Swiss Franc advances as USD loses latest gains despite increased risk aversion

  • USD/CHF depreciates as the US Dollar loses daily gains, despite heightened risk aversion and rising Fed hike expectations.
  • Market sentiment remains cautious following drone attacks on both the UAE and Saudi Arabia.
  • Swiss economy grew 0.5% quarter-on-quarter in the three months to March, up from 0.2% the previous period.

USD/CHF halts its five-day winning streak, trading around 0.7860 during the early European hours on Monday.

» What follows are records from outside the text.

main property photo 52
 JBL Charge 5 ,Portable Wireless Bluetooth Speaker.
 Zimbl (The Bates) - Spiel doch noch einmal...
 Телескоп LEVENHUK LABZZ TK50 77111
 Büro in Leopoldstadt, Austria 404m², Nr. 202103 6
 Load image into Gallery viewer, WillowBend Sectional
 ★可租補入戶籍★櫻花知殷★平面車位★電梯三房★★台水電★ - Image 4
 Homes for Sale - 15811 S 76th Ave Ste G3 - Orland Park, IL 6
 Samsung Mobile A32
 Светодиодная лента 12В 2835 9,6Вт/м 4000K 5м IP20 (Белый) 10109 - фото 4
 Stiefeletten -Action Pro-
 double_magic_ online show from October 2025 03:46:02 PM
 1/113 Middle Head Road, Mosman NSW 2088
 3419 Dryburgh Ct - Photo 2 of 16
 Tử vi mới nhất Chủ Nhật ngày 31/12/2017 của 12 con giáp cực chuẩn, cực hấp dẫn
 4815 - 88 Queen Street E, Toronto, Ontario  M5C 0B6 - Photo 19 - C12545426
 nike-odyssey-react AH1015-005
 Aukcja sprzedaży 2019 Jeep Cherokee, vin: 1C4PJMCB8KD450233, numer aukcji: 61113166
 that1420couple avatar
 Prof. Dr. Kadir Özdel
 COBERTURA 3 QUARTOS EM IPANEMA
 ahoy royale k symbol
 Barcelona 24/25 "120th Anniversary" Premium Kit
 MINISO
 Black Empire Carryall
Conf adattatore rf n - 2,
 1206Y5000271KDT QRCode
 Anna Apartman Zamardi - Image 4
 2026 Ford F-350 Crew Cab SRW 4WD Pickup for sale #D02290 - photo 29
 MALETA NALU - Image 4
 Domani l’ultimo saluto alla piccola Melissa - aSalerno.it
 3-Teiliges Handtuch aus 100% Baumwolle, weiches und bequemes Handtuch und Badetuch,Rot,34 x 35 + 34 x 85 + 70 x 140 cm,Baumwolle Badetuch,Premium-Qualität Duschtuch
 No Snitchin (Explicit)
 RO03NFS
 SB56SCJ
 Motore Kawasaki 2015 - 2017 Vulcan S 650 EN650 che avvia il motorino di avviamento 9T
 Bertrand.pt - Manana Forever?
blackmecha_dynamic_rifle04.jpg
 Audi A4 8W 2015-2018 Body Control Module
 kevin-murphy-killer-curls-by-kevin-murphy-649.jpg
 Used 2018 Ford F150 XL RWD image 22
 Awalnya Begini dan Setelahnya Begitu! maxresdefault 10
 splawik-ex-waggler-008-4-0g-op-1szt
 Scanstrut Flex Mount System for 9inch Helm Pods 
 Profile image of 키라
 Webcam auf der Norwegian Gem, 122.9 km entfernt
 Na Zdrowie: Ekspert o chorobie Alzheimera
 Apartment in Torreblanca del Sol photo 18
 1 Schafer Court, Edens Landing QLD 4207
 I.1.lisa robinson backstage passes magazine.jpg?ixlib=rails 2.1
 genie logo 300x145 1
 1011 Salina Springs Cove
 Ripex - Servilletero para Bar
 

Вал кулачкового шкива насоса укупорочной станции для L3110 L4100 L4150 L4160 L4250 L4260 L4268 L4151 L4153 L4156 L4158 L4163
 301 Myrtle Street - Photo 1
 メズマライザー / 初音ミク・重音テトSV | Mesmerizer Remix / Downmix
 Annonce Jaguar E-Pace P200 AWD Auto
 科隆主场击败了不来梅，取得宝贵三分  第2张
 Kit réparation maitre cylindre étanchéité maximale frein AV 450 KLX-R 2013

The currency pair depreciated as the US Dollar (USD) surrendered its daily gains, despite a backdrop of heightened risk aversion and rising US interest rate hike expectations.

Market sentiment remains deeply cautious following recent drone attacks on both the United Arab Emirates (UAE) and Saudi Arabia, alongside escalating geopolitical tensions between the United States and Iran. UAE officials are currently investigating a drone strike on the Barakah nuclear power plant and have asserted their full right to respond to what they termed a terrorist attack. Concurrently, Saudi Arabia intercepted three drones entering its airspace from Iraq and warned via Reuters that it would take all necessary operational measures to defend its sovereignty and security.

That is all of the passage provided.